Synopsis: Pro Gamer Jason just met the girl of his dreams, but he’s about to discover that she’s also his biggest competition. With the all-important Regionals coming up, what begins as a simple rivalry turns into an IRL war as both teams try to lie, cheat, and scheme their way to victory. RIVALS, presented by geek bar Battle & Brew, proves that there’s no such thing as love within the lanes.
First off “there’s no such thing as love within the lanes” is going to be a chapter title in my memoir. Secondly, that’s a pretty accurate description of the show. So let’s get into it…
Rivals developed well and had all the elements of a well-thought-out story. A chance encounter turned into a running rivalry / romance waiting to happen, a great supporting cast with their own lives and stories to delve into when the main story slowed down, a tangible end goal – and a truly dislikeable but occasionally funny antagonist.
Following Vic and Jason as they tried to keep their teams together appealed to both the realist and the escapist in me. The realist liked the everyday-ness of it all, the awkward encounters and the group dynamics. The escapist… well, how many of us are really ever going to get to the LoL regionals and still have lives to live in our spare time?
But seriously, Rivals packed a complex and coherent storyline into its 12 episode season, and that’s awesome. I accidentally skipped an episode at one point (read: damn you, sporadic free WiFi zone) and found myself actually going back to catch up on plot points – this doesn’t happen often with webshows.
Sometimes, not all the time – and not even very often, but sometimes – stereotypes work. Rivals did a great job of making room for plot development by cutting away character development time and introducing us to a cast of characters we largely already know: that douchebag gamer, that incongruously cute but vicious gamer, the silent and deadly strategiser, the guy who never loses etc, etc. Usually I’m not a fan of stereotypical characters because it tends to end there and we never get to know anything more about them, but Rivals did a good job of using them as a base and building from there.
Our protagonists were quirky, sometimes irritating and other times endearing, which is always a great mix. I suppose my only gripe was the over-done extras, and there were only two of them so it’s not a train smash.
You know how it is with indie productions. You can get anything from “is that static in the background?” to “this is like watching a Nigerian movie” levels of sound and video quality. I’m glad to say that Rivals was closer to the static in the background levels of noise than they were to the ear-bleed levels when it comes to sound. And the show definitely improved as it went on, adjusting well for the outdoor scenes (trust me, outdoor scenes are not a joke).

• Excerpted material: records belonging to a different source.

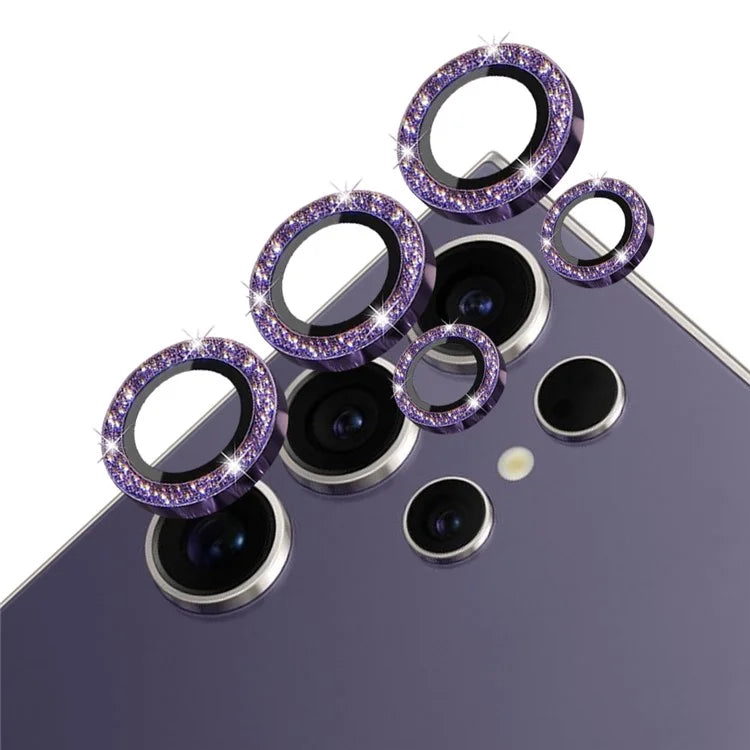 NORTHJO 1 Set For Samsung Galaxy S24 Ultra Glitter Camera Lens Protector Tempered Glass+Metal Individual Ring Cover Film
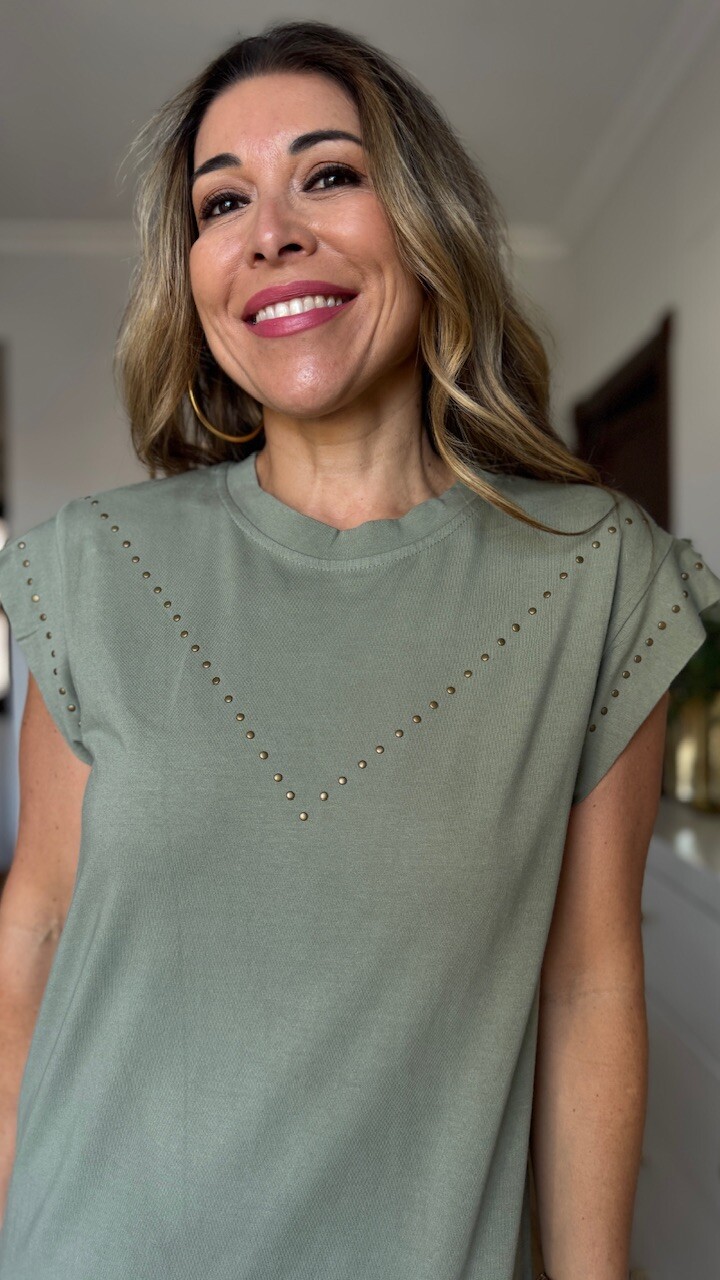 Vestido Mariela Tachas Verde Caza - Imagen 4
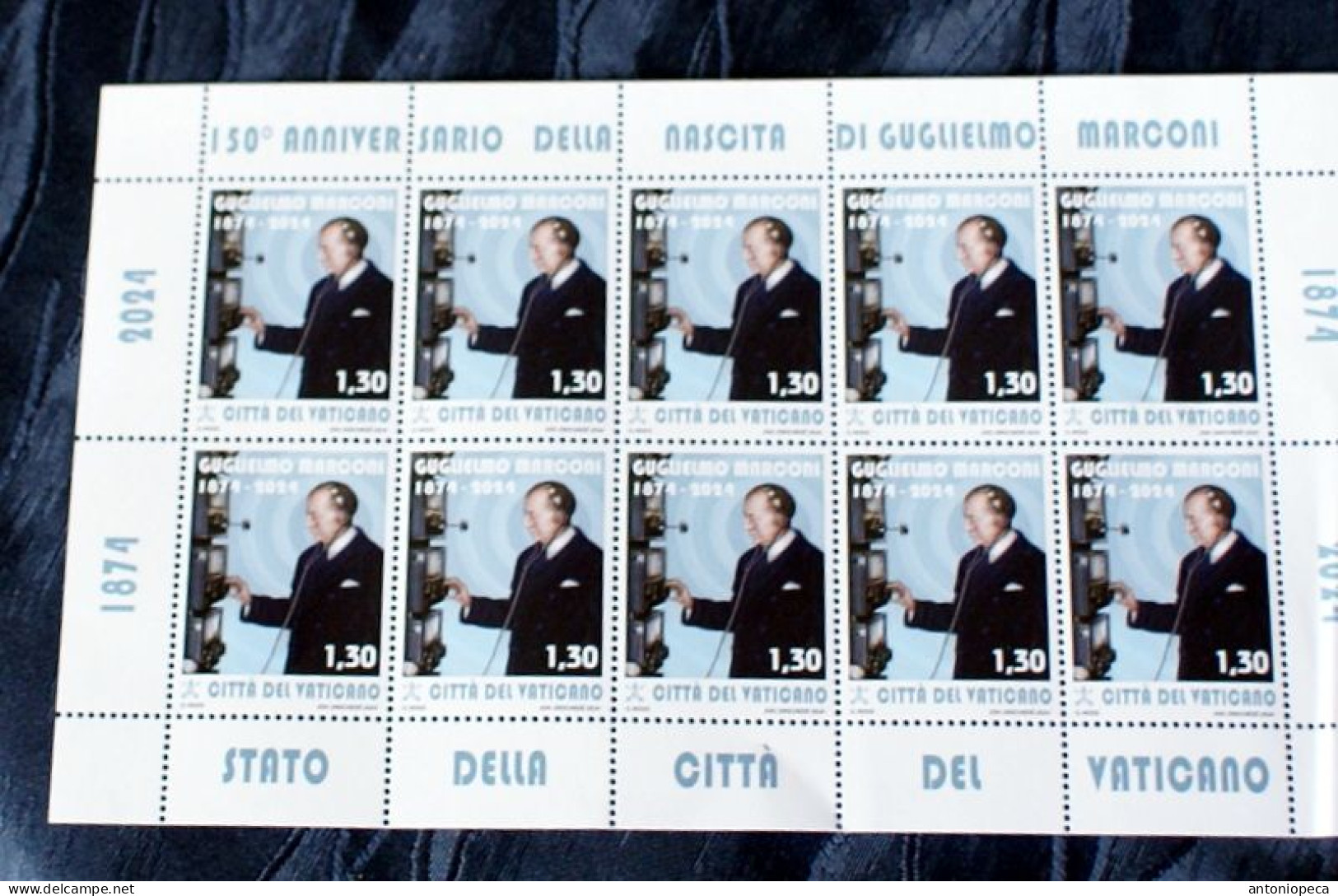 VATICAN 2024 GUGLIELMO MARCONI 150 ANNIVERSARY SHEET OF 10 MNH** - Unused Stamps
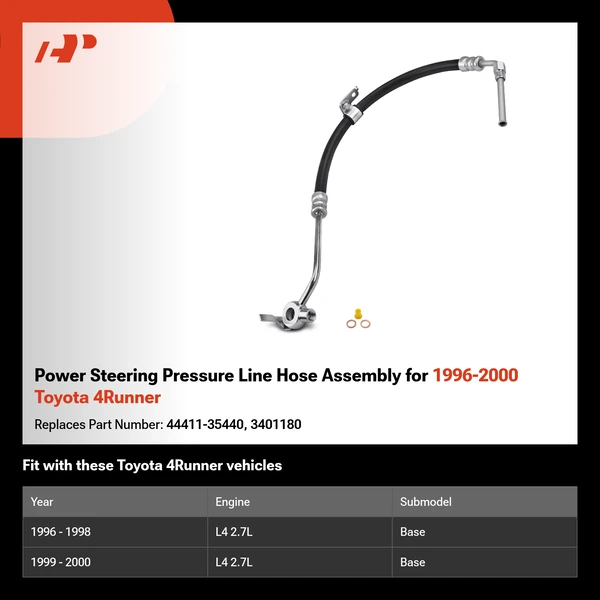 Power Steering Pressure Line Hose Assembly for 1996-2000 Toyota 4Runner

What really shone for me was the video quality. Whether chilling in the dark and damp of a basement bar, at the Battle & Brew (how awesome a name is that??) or in the unforgiving sunlight of an abandoned stretch of road, these guys had their camera work on point. It’s the kind of thing that makes you realise that not all webshows have to come with the “forgive the quality” addendum when you’re recommending them to friends.
If you were hoping to learn how to play LoL from this show, you’re out of luck. However, if you wanted some geeky entertainment and maybe a lesson on how to deal with douchebag gamers, you’re in all the lucks because Rivals is geeky and entertaining and (SPOILER) in the end the douchenozzle loses. (END SPOILER).
Mood Rating: Get comfy in your gaming chair and tune out everything but your love for Summoner’s Rift, because an enemy is about to be slain!